Decolonising State and Society in Uganda by Katherine Bruce-Lockhart,Jonathon L. Earle,Nakanyike B. Musisi,Edgar C. Taylor Pdf
Decolonization of knowledge has become a major issue in African Studies in recent years, brought to the fore by social movements such as #RhodesMustFall and #BlackLivesMatter. This timely book explores the politics and disputed character of knowledge production in colonial and postcolonial Uganda, where efforts to generate forms of knowledge and solidarity that transcend colonial epistemologies draw on long histories of resistance and refusal. Bringing together scholars from Africa, Europe and North America, the contributors in this volume analyse how knowledge has been created, mobilized, and contested across a wide range of Ugandan contexts. In so doing, they reveal how Ugandans have built, disputed, and reimagined institutions of authority and knowledge production in ways that disrupt the colonial frames that continue to shape scholarly analyses and state structures.
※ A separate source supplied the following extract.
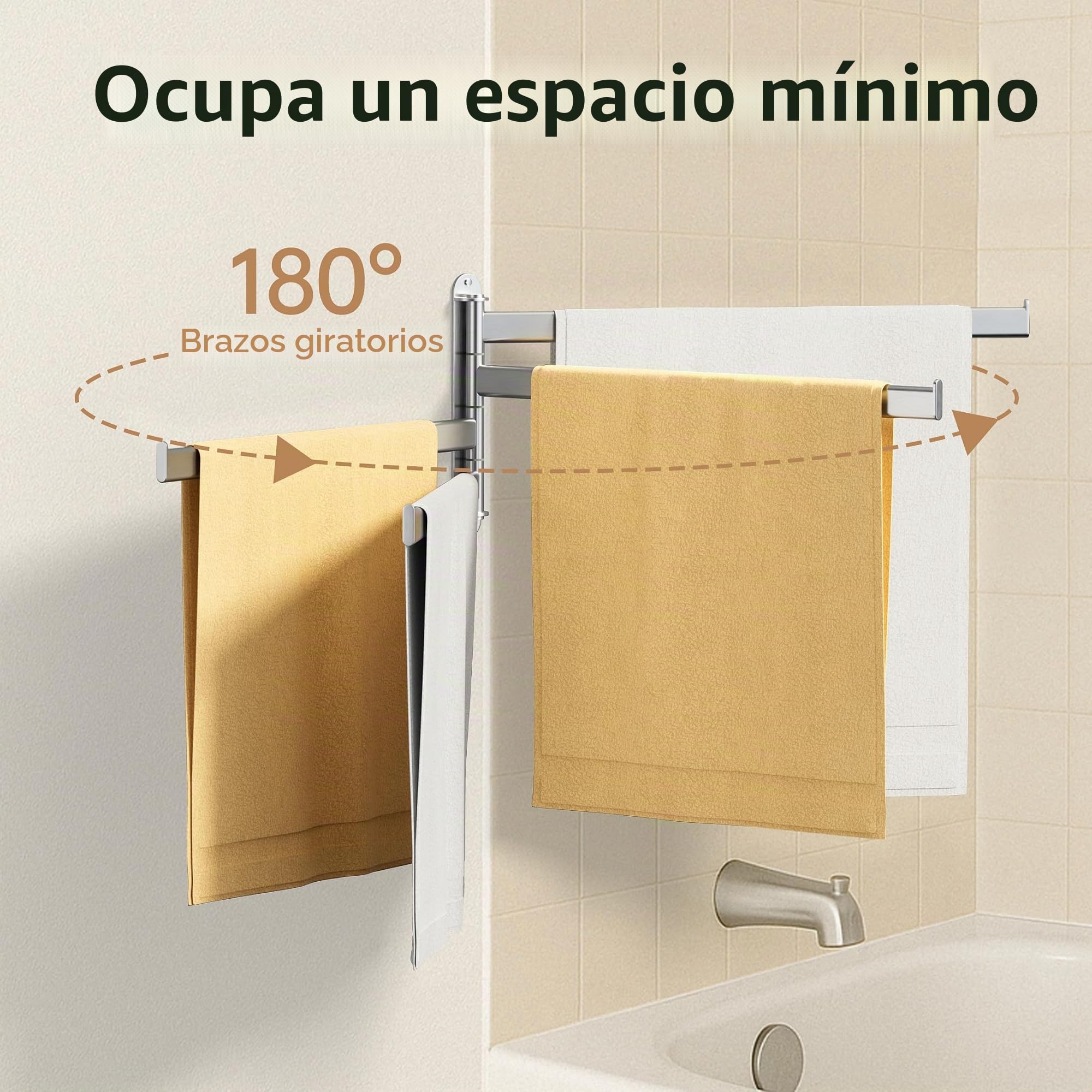 KES Toallero Baño Giratorio 180° Toalleros de Baño Pared con 4 Barras Acero Inoxidable SUS304 50cm Cepillado, A2104S4L50-2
From the politics of language and gender in Bakiga naming practices to ways of knowing among the Acholi, the hampering of critical scholarship by militarism and authoritarianism, and debates over the names of streets, lakes, mountains, and other public spaces, this book shows how scholars and a wide range of Ugandan activists are reimagining the politics of knowledge in Ugandan public life.p by militarism and authoritarianism, and debates over the names of streets, lakes, mountains, and other public spaces, this book shows how scholars and a wide range of Ugandan activists are reimagining the politics of knowledge in Ugandan public life.p by militarism and authoritarianism, and debates over the names of streets, lakes, mountains, and other public spaces, this book shows how scholars and a wide range of Ugandan activists are reimagining the politics of knowledge in Ugandan public life.p by militarism and authoritarianism, and debates over the names of streets, lakes, mountains, and other public spaces, this book shows how scholars and a wide range of Ugandan activists are reimagining the politics of knowledge in Ugandan public life.